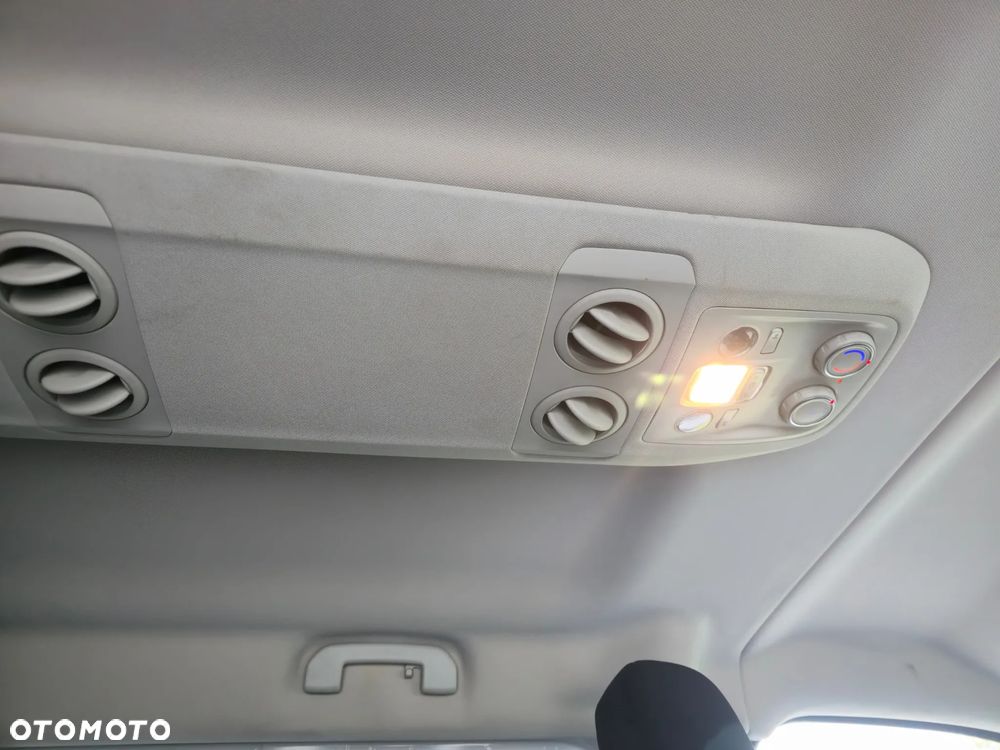 Toyota Proace Verso 2.0 D4-D Long Business - 11
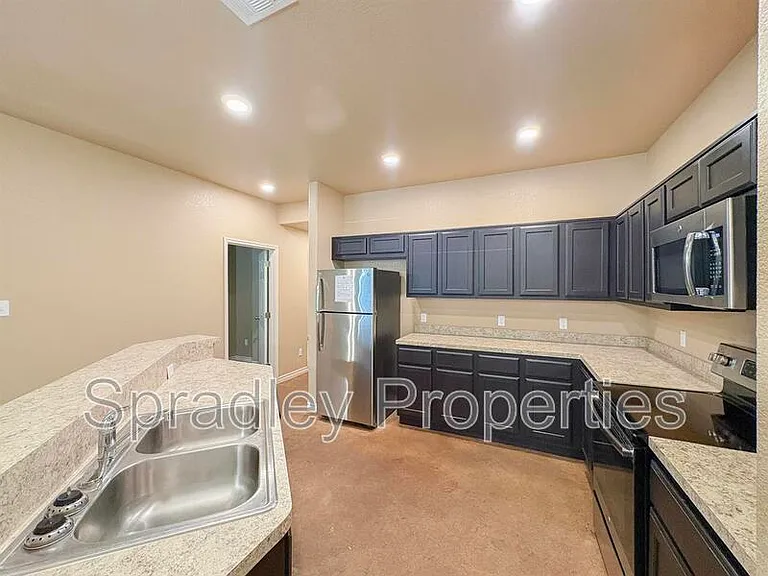 1562 Vani Ct — Photo 4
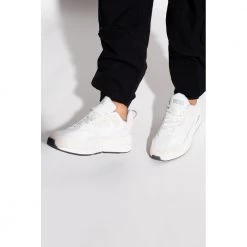 Diesel âS-Serendipityâ Sneakers White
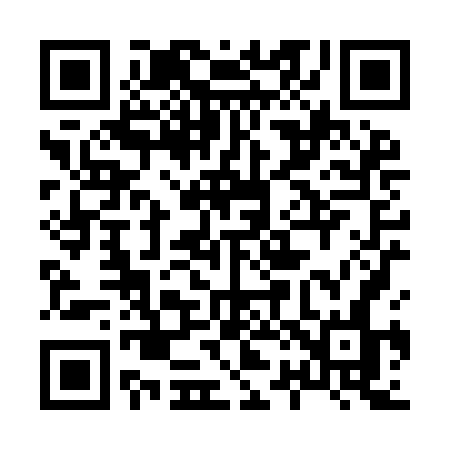 QR code for 828YFN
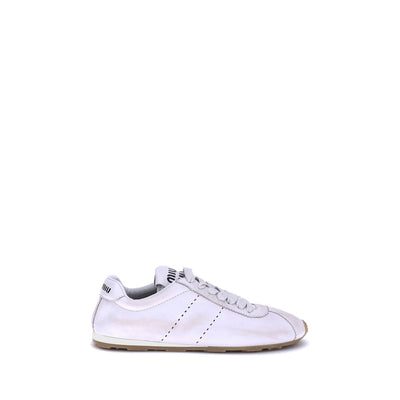 Miu Miu Plume-sneakers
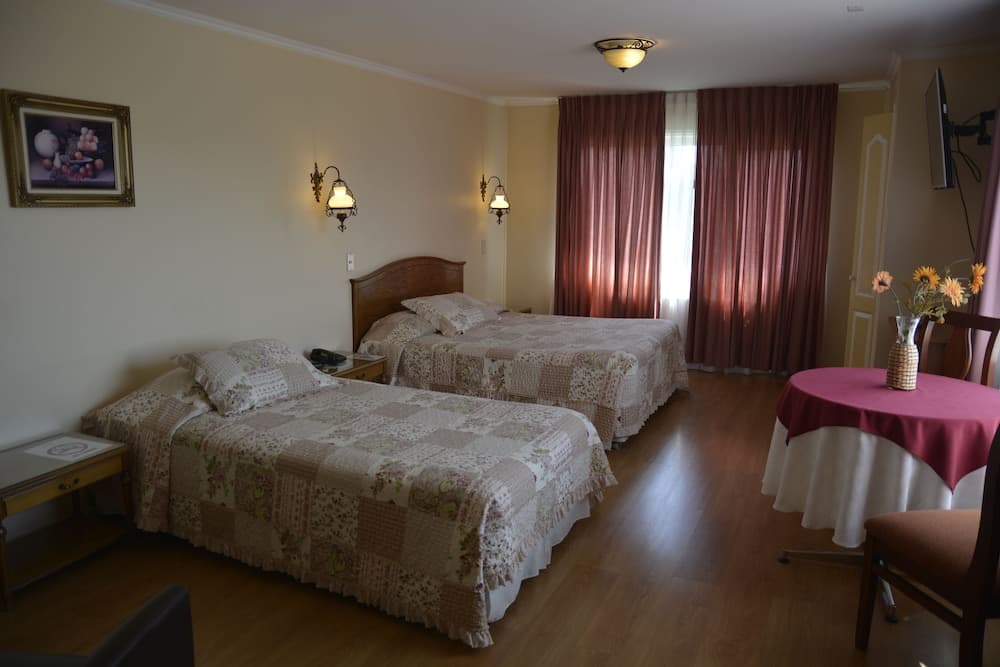 Photo 40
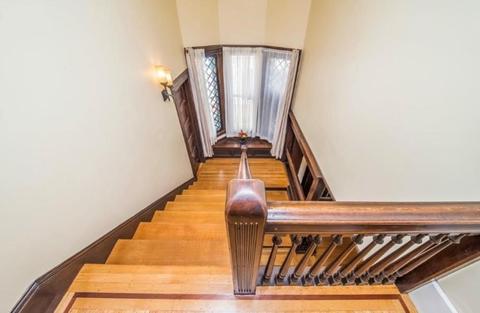 76 Spruceland Ave, Springfield, MA 01108 photo 10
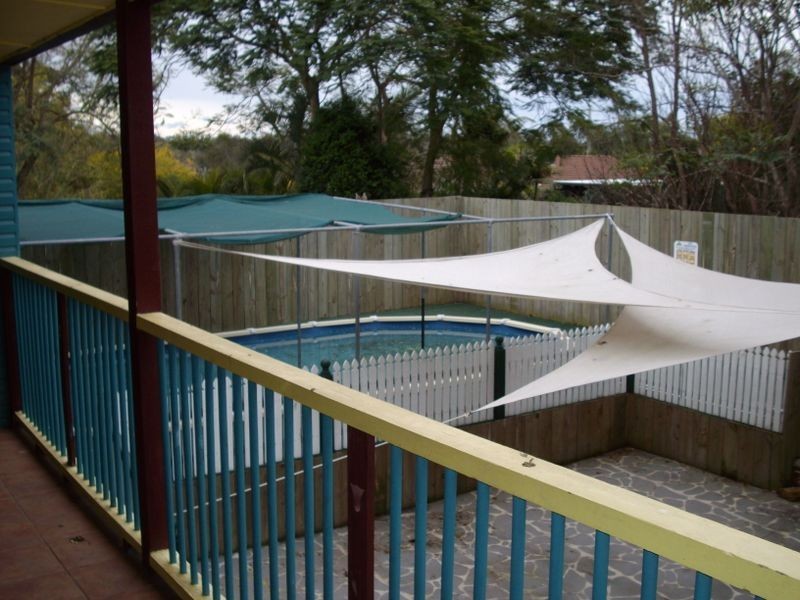 41 Cashmere Street, Redbank Plains QLD 4301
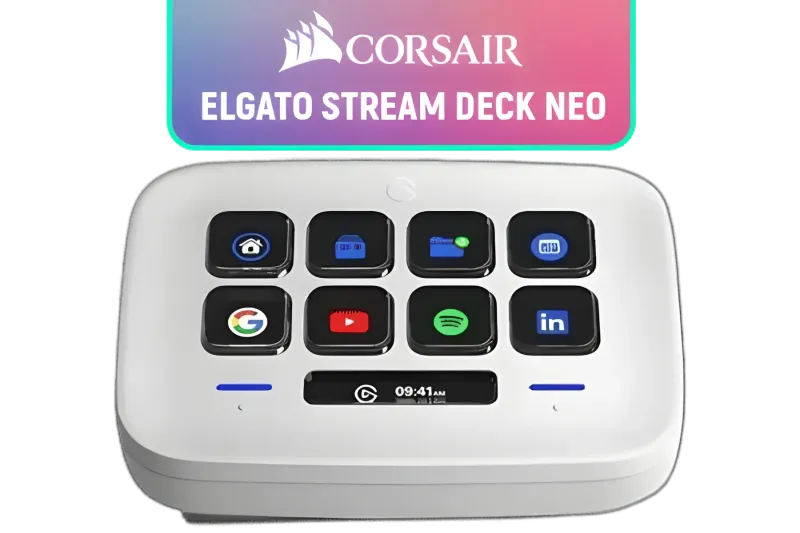 corsair-elgato-stream-deck-neo-1800px-v1-01.webp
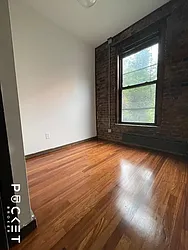 Rented by PocketBroker Inc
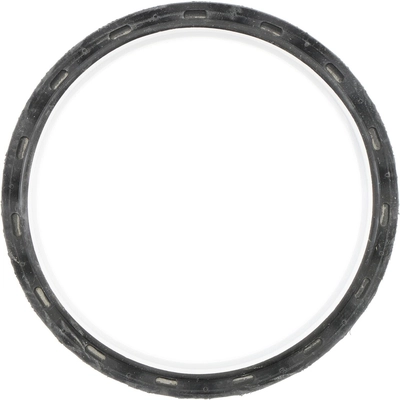 VICTOR REINZ - 71-15250-00 - Engine Oil Cooler Gasket pa1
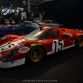 Retromobile 2013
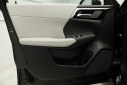 Thumbnail image of 2025 Mitsubishi Outlander at Bell Mitsubishi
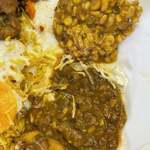 ザイカ・カレーハウス - 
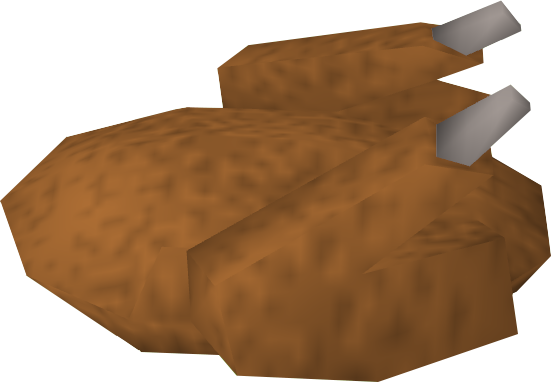 File:Raw pheasant detail.png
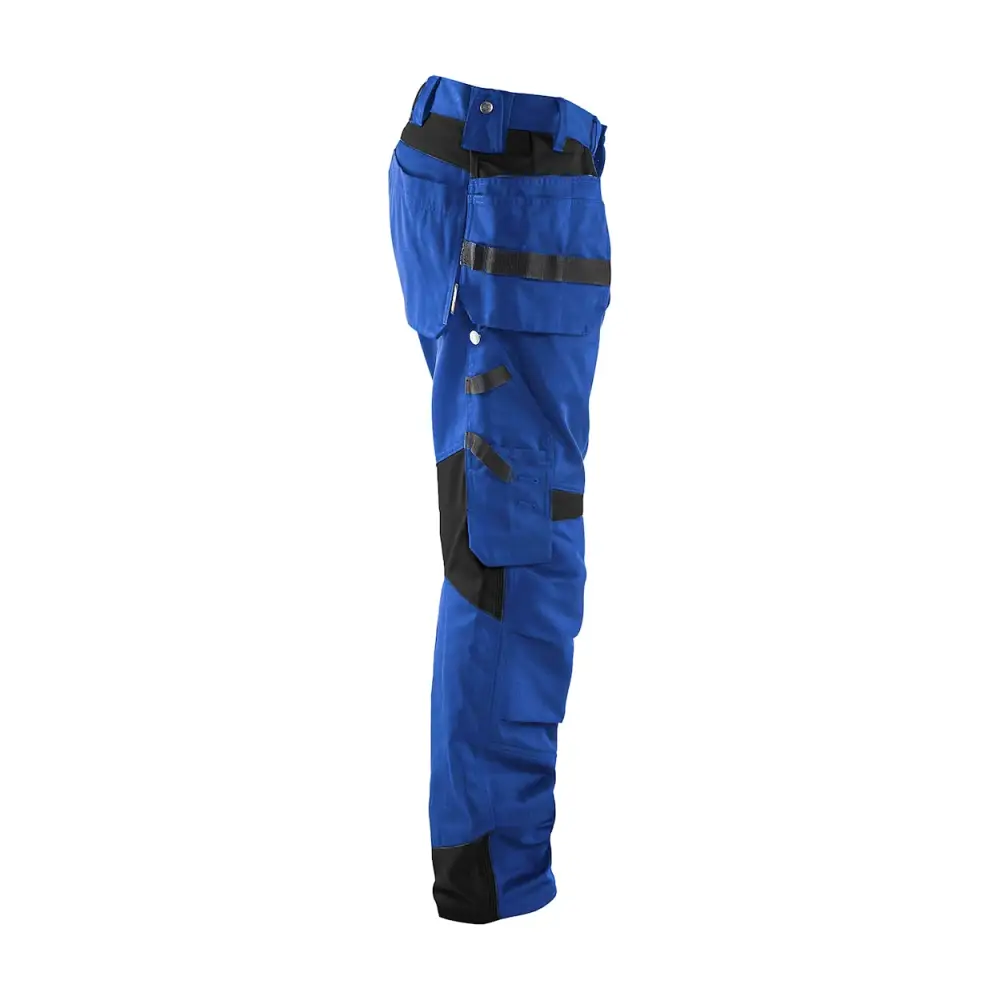 Blåkläder Craftsman trousers 15551860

• • • • •

What to do - Write the material above out again exactly. Omit every image.

Solution below -
 Toyota Proace Verso 2.0 D4-D Long Business - 11
 1562 Vani Ct — Photo 4
 Diesel âS-Serendipityâ Sneakers White
 QR code for 828YFN
 Miu Miu Plume-sneakers
 Photo 40
 76 Spruceland Ave, Springfield, MA 01108 photo 10
 41 Cashmere Street, Redbank Plains QLD 4301
 corsair-elgato-stream-deck-neo-1800px-v1-01.webp
 Rented by PocketBroker Inc
 VICTOR REINZ - 71-15250-00 - Engine Oil Cooler Gasket pa1
 Retromobile 2013
 Thumbnail image of 2025 Mitsubishi Outlander at Bell Mitsubishi
 ザイカ・カレーハウス - 
 File:Raw pheasant detail.png
 Blåkläder Craftsman trousers 15551860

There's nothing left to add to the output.